Written by Leejay Lockhart
Fort Campbell Public Affairs Office
Fort Campbell, KY – Campbell Army Airfield’s main runway will close for repairs April 10th and should reopen in late July or early August.
The $28 million project includes resurfacing the runway, repairing ramps, taxiways, adding lights to the secondary runway, and moving lights to make them easier to maintain on the main runways.
Terry Ennis, airfield manager for Campbell Army Airfield, said the repairs also will decrease the runway width by 50 feet to the industry standard of 150 feet in width. Its overall length will decrease from 11,822 feet to 10,500 feet. The excess portion of the runways will become paved overrun that serve as a safety measure to decrease damage to aircraft on takeoff and landings if something goes wrong.
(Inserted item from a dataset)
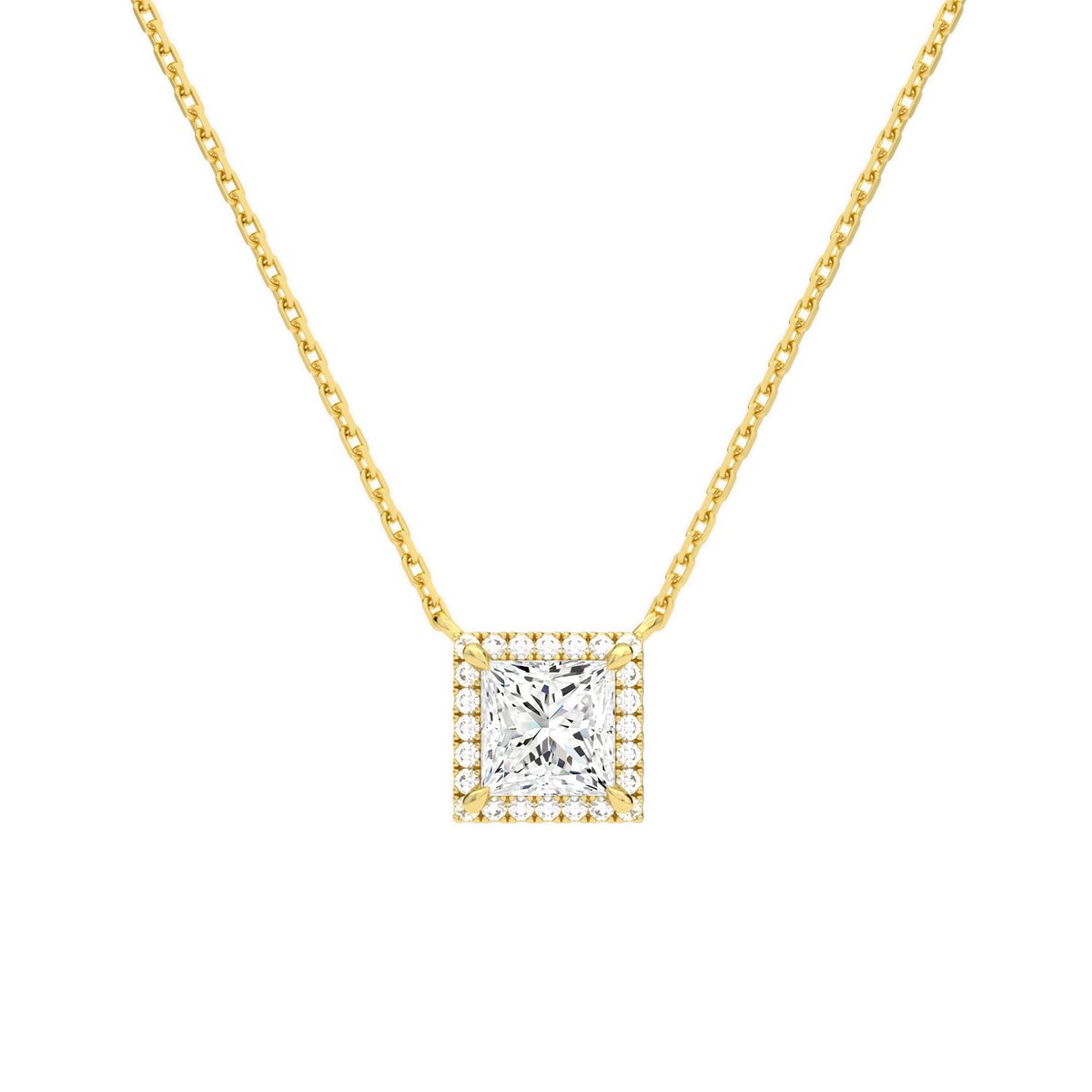 Jessa Princess Halo Lab-Grown Diamond Necklace in 14K Yellow Gold, front view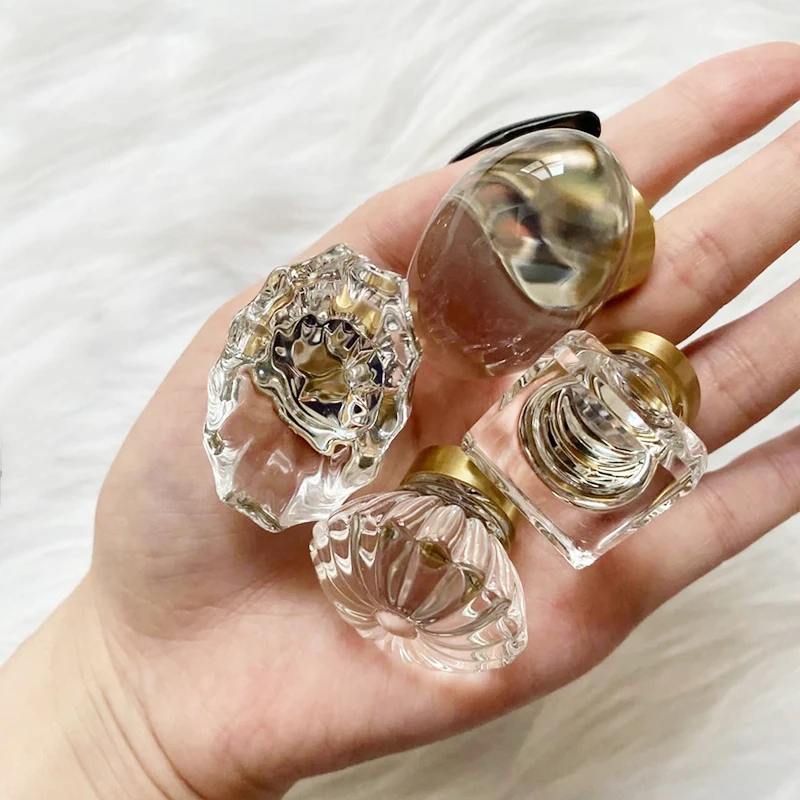 Transparent Crystal Glass Handle Gold Base Cabinet Oval Knobs Cupboard Drawer Pull Kitchen Door Wardrobe Handles Home Decoration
The runway’s pavement condition index, which is a scale determined by rigorous inspection of a runway’s surface, dropped precipitously from 2013 to 2015, Ennis said. This necessitated the repairs.
“Our PCI in 2013 on the runway was 71,” he said. “The Air Force doesn’t like anything below a 70. In two years it went from a 71 to a 36 and that’s why the Air Force started getting concerned and we started having to look at redoing our runway, because they don’t want to land on anything below 40.”
The last time Campbell Army Airfield underwent major repairs was approximately 10 years ago. Runways deteriorate overtime based on usage and weather. Runways made of asphalt normally last for 15 to 20 years before requiring a major overhaul.
“We had problems with the last repair that was done,” Ennis said. “This area has a high degree of difficulty with aggregate … the rock that they used on this project was porous, so over a period of time as water gets into the rock and expands and contracts due to temperature changes, it basically started popping the rock out of the runway.[That] creates what we call FOD, foreign object debris, which has caused damage to engines on airplanes and engines on airplanes are a million dollars plus.”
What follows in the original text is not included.